If you are considering a purchase of a board, the three key variables are material, size and shape. REI offers a series of videos to help guide you through purchase considerations and introduce people to using paddleboards.

Boards can be either of solid construction or inflatable. Solid boards offer greater stability since there is no give to them in the water. They have less resistance in the water so travel more easily too. The downside of solid boards is that they are more difficult to store and transport. Inflatable boards can be stuffed into a back pack to limit storage space and make access to more remote locations easier. Once at the water’s edge, inflating a board takes 10-15 minutes.

When considering the size and shape of a board consider your confidence level and how you would like to use it. Generally speaking, wider boards (greater than 30 inches) are more stable and will support heavier weights, but they lose out on maneuverability and speed. If you look at the front tips of boards you will find some that are rounded (plane boards) and others that are tapered (displacement boards). The wide rounded nose of Plane boards improves maneuverability. Displacement boards cut through the water more efficiently and are better for distance. Most boards for Lake Champlain will be nine to twelve feet long. Anything shorter is designed for surfing or for children. Longer boards are for people more interested in travelling distances or racing.

Once you have your board, it’s time to get to the water. First, check that your paddle is the correct length. When standing place the paddle on the ground, and the top of the handle should rest at the bend of your wrist. If you intend to kneel on the board rather than standing (a way to build confidence and minimize the likelihood of falling) you will want to adjust the paddle height accordingly. Place the board in knee deep water before mounting it to avoid damaging the fin. Stand on the board just behind the carry handle for stability. Paddle with angle of the blade facing away from you, so when you put muscle power into the stroke the flat of the blade pushes against the water. Keep your arms stiff when directing the blade through the water for efficiency. Your paddle stroke should maximize the strength of your shoulders and torso rather than your arms. When bringing the blade forward for the next stroke it shouldn’t come in front of your feet. Bringing the paddle too far forward wastes energy and disrupts your balance. Finally, improve your balance by keeping your head up, rather than looking at your feet.

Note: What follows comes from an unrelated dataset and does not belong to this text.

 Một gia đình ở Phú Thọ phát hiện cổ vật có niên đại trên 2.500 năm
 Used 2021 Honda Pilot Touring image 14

Stability is a theme in selecting and using boards for a reason. An ankle leash prevents the board from moving too far away. The ankle leash will also pull the board toward you when you go under; a fact you should be aware of when you resurface in order to avoid getting knocked on the head.  

Remounting the board after a fall is fairly simple. Rest your elbows on the board to secure it; grab the carry handle and kick your feet to propel yourself across the board to grasp the other side. Then you can pull and kick yourself back onto the board.

Adherents of paddleboards rave about the full body work-out. You develop balance in your legs, a tight core for stability, and upper body strength provides power for paddling. Yet even better than the work-out is the opportunity to enjoy the lake from a different vantage point. Underwater fields of aquatic plant provide cover for myriad fish and invertebrates living their lives mostly oblivious to your presence.  A paddleboard can’t completely replace a kayak, but it is another way to further your enjoyment of the lake.